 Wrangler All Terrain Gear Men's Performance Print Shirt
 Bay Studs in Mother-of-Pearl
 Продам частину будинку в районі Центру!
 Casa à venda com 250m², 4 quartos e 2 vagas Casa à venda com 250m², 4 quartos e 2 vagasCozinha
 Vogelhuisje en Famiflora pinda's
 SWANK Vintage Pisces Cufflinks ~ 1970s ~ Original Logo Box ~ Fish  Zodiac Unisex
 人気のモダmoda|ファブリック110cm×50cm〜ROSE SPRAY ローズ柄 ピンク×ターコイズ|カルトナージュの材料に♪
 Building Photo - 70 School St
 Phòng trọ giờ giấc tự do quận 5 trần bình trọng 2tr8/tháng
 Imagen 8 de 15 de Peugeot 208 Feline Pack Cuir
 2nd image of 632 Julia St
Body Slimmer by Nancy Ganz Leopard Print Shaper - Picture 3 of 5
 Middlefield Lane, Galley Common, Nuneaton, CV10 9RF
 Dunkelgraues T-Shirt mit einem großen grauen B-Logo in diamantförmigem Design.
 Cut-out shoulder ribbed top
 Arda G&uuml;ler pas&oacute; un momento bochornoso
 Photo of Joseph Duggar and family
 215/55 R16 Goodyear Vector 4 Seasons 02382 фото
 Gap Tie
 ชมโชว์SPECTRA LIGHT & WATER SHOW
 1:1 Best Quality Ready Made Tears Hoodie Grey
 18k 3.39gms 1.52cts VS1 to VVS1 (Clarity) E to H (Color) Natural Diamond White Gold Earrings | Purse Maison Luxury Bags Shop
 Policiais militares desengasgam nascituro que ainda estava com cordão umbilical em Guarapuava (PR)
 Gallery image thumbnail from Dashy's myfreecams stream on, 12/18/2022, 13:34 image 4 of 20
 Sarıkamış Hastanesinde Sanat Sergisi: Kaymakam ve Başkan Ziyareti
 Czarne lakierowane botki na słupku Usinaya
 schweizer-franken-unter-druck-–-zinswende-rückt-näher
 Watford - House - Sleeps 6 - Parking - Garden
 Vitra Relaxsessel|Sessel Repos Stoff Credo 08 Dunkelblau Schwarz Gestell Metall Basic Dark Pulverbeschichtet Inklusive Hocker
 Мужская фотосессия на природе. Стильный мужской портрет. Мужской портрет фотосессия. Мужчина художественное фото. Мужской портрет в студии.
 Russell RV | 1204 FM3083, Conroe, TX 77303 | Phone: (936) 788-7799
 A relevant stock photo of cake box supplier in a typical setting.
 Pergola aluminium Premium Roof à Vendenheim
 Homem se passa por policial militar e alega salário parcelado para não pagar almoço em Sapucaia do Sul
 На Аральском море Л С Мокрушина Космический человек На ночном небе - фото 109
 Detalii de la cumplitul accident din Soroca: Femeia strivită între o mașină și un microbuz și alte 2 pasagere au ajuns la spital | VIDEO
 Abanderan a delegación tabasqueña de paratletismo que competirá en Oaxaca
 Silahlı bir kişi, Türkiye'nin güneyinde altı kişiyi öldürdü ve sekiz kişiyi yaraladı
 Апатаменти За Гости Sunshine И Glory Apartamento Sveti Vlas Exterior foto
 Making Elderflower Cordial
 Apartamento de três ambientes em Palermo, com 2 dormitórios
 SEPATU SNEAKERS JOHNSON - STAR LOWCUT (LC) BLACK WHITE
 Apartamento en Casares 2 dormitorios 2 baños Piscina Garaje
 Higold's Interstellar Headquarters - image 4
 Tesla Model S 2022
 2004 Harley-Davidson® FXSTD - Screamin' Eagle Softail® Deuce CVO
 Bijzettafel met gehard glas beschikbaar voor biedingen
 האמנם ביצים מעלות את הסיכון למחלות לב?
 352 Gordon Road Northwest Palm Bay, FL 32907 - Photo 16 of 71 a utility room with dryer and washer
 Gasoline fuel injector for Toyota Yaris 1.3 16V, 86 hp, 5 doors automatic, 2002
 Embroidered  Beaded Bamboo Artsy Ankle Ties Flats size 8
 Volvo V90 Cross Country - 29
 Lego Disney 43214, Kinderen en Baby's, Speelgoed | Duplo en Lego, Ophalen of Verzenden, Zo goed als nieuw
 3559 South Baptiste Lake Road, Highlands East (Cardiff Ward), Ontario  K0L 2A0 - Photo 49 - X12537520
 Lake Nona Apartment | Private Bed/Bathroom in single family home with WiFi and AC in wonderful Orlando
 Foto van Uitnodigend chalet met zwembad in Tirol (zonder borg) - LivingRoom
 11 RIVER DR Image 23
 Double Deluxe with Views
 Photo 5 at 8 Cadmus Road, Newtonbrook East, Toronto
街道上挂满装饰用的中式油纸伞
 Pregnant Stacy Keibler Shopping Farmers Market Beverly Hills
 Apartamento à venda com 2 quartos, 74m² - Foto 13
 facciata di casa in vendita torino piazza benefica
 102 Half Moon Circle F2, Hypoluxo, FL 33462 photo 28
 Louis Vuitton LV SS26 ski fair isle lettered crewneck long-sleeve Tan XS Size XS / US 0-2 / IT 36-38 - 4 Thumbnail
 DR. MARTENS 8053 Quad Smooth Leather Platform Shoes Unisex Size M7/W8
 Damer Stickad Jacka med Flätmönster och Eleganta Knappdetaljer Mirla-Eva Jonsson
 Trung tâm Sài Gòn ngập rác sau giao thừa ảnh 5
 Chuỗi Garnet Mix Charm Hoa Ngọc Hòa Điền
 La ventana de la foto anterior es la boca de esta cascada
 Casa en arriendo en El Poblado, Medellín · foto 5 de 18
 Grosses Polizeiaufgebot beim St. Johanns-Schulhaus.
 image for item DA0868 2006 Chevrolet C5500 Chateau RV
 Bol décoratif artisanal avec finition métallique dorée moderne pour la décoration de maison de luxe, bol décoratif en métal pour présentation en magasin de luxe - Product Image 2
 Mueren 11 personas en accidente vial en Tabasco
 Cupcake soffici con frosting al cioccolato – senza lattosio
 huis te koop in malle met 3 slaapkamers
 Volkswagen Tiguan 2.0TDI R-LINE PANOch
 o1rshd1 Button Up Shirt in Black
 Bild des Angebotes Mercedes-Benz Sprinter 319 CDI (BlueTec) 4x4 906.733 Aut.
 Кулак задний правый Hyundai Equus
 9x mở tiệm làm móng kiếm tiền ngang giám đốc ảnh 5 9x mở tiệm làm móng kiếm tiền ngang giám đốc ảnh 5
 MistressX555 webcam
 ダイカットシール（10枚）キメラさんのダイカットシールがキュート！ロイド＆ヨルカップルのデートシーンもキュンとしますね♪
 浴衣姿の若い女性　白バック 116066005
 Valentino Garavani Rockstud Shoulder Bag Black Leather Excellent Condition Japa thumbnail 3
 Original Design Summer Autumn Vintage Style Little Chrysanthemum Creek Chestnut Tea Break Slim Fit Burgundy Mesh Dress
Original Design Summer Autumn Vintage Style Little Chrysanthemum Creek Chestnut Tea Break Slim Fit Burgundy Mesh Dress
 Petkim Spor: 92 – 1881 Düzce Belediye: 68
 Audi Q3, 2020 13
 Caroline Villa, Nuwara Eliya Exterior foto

Exercise prompt: Transcribe the listing above exactly as shown.

Your response:
 Wrangler All Terrain Gear Men's Performance Print Shirt
 Bay Studs in Mother-of-Pearl
 Продам частину будинку в районі Центру!
 Casa à venda com 250m², 4 quartos e 2 vagas Casa à venda com 250m², 4 quartos e 2 vagasCozinha
 Vogelhuisje en Famiflora pinda's
 SWANK Vintage Pisces Cufflinks ~ 1970s ~ Original Logo Box ~ Fish  Zodiac Unisex
 人気のモダmoda|ファブリック110cm×50cm〜ROSE SPRAY ローズ柄 ピンク×ターコイズ|カルトナージュの材料に♪
 Building Photo - 70 School St
 Phòng trọ giờ giấc tự do quận 5 trần bình trọng 2tr8/tháng
 Imagen 8 de 15 de Peugeot 208 Feline Pack Cuir
 2nd image of 632 Julia St
Body Slimmer by Nancy Ganz Leopard Print Shaper - Picture 3 of 5
 Middlefield Lane, Galley Common, Nuneaton, CV10 9RF
 Dunkelgraues T-Shirt mit einem großen grauen B-Logo in diamantförmigem Design.
 Cut-out shoulder ribbed top
 Arda G&uuml;ler pas&oacute; un momento bochornoso
 Photo of Joseph Duggar and family
 215/55 R16 Goodyear Vector 4 Seasons 02382 фото
 Gap Tie
 ชมโชว์SPECTRA LIGHT & WATER SHOW
 1:1 Best Quality Ready Made Tears Hoodie Grey
 18k 3.39gms 1.52cts VS1 to VVS1 (Clarity) E to H (Color) Natural Diamond White Gold Earrings | Purse Maison Luxury Bags Shop
 Policiais militares desengasgam nascituro que ainda estava com cordão umbilical em Guarapuava (PR)
 Gallery image thumbnail from Dashy's myfreecams stream on, 12/18/2022, 13:34 image 4 of 20
 Sarıkamış Hastanesinde Sanat Sergisi: Kaymakam ve Başkan Ziyareti
 Czarne lakierowane botki na słupku Usinaya
 schweizer-franken-unter-druck-–-zinswende-rückt-näher
 Watford - House - Sleeps 6 - Parking - Garden
 Vitra Relaxsessel|Sessel Repos Stoff Credo 08 Dunkelblau Schwarz Gestell Metall Basic Dark Pulverbeschichtet Inklusive Hocker
 Мужская фотосессия на природе. Стильный мужской портрет. Мужской портрет фотосессия. Мужчина художественное фото. Мужской портрет в студии.
 Russell RV | 1204 FM3083, Conroe, TX 77303 | Phone: (936) 788-7799
 A relevant stock photo of cake box supplier in a typical setting.
 Pergola aluminium Premium Roof à Vendenheim
 Homem se passa por policial militar e alega salário parcelado para não pagar almoço em Sapucaia do Sul
 На Аральском море Л С Мокрушина Космический человек На ночном небе - фото 109
 Detalii de la cumplitul accident din Soroca: Femeia strivită între o mașină și un microbuz și alte 2 pasagere au ajuns la spital | VIDEO
 Abanderan a delegación tabasqueña de paratletismo que competirá en Oaxaca
 Silahlı bir kişi, Türkiye'nin güneyinde altı kişiyi öldürdü ve sekiz kişiyi yaraladı
 Апатаменти За Гости Sunshine И Glory Apartamento Sveti Vlas Exterior foto
 Making Elderflower Cordial
 Apartamento de três ambientes em Palermo, com 2 dormitórios
 SEPATU SNEAKERS JOHNSON - STAR LOWCUT (LC) BLACK WHITE
 Apartamento en Casares 2 dormitorios 2 baños Piscina Garaje
 Higold's Interstellar Headquarters - image 4
 Tesla Model S 2022
 2004 Harley-Davidson® FXSTD - Screamin' Eagle Softail® Deuce CVO
 Bijzettafel met gehard glas beschikbaar voor biedingen
 האמנם ביצים מעלות את הסיכון למחלות לב?
 352 Gordon Road Northwest Palm Bay, FL 32907 - Photo 16 of 71 a utility room with dryer and washer
 Gasoline fuel injector for Toyota Yaris 1.3 16V, 86 hp, 5 doors automatic, 2002
 Embroidered  Beaded Bamboo Artsy Ankle Ties Flats size 8
 Volvo V90 Cross Country - 29
 Lego Disney 43214, Kinderen en Baby's, Speelgoed | Duplo en Lego, Ophalen of Verzenden, Zo goed als nieuw
 3559 South Baptiste Lake Road, Highlands East (Cardiff Ward), Ontario  K0L 2A0 - Photo 49 - X12537520
 Lake Nona Apartment | Private Bed/Bathroom in single family home with WiFi and AC in wonderful Orlando
 Foto van Uitnodigend chalet met zwembad in Tirol (zonder borg) - LivingRoom
 11 RIVER DR Image 23
 Double Deluxe with Views
 Photo 5 at 8 Cadmus Road, Newtonbrook East, Toronto
街道上挂满装饰用的中式油纸伞
 Pregnant Stacy Keibler Shopping Farmers Market Beverly Hills
 Apartamento à venda com 2 quartos, 74m² - Foto 13
 facciata di casa in vendita torino piazza benefica
 102 Half Moon Circle F2, Hypoluxo, FL 33462 photo 28
 Louis Vuitton LV SS26 ski fair isle lettered crewneck long-sleeve Tan XS Size XS / US 0-2 / IT 36-38 - 4 Thumbnail
 DR. MARTENS 8053 Quad Smooth Leather Platform Shoes Unisex Size M7/W8
 Damer Stickad Jacka med Flätmönster och Eleganta Knappdetaljer Mirla-Eva Jonsson
 Trung tâm Sài Gòn ngập rác sau giao thừa ảnh 5
 Chuỗi Garnet Mix Charm Hoa Ngọc Hòa Điền
 La ventana de la foto anterior es la boca de esta cascada
 Casa en arriendo en El Poblado, Medellín · foto 5 de 18
 Grosses Polizeiaufgebot beim St. Johanns-Schulhaus.
 image for item DA0868 2006 Chevrolet C5500 Chateau RV
 Bol décoratif artisanal avec finition métallique dorée moderne pour la décoration de maison de luxe, bol décoratif en métal pour présentation en magasin de luxe - Product Image 2
 Mueren 11 personas en accidente vial en Tabasco
 Cupcake soffici con frosting al cioccolato – senza lattosio
 huis te koop in malle met 3 slaapkamers
 Volkswagen Tiguan 2.0TDI R-LINE PANOch
 o1rshd1 Button Up Shirt in Black
 Bild des Angebotes Mercedes-Benz Sprinter 319 CDI (BlueTec) 4x4 906.733 Aut.
 Кулак задний правый Hyundai Equus
 9x mở tiệm làm móng kiếm tiền ngang giám đốc ảnh 5 9x mở tiệm làm móng kiếm tiền ngang giám đốc ảnh 5
 MistressX555 webcam
 ダイカットシール（10枚）キメラさんのダイカットシールがキュート！ロイド＆ヨルカップルのデートシーンもキュンとしますね♪
 浴衣姿の若い女性　白バック 116066005
 Valentino Garavani Rockstud Shoulder Bag Black Leather Excellent Condition Japa thumbnail 3
 Original Design Summer Autumn Vintage Style Little Chrysanthemum Creek Chestnut Tea Break Slim Fit Burgundy Mesh Dress
Original Design Summer Autumn Vintage Style Little Chrysanthemum Creek Chestnut Tea Break Slim Fit Burgundy Mesh Dress
 Petkim Spor: 92 – 1881 Düzce Belediye: 68
 Audi Q3, 2020 13
 Caroline Villa, Nuwara Eliya Exterior foto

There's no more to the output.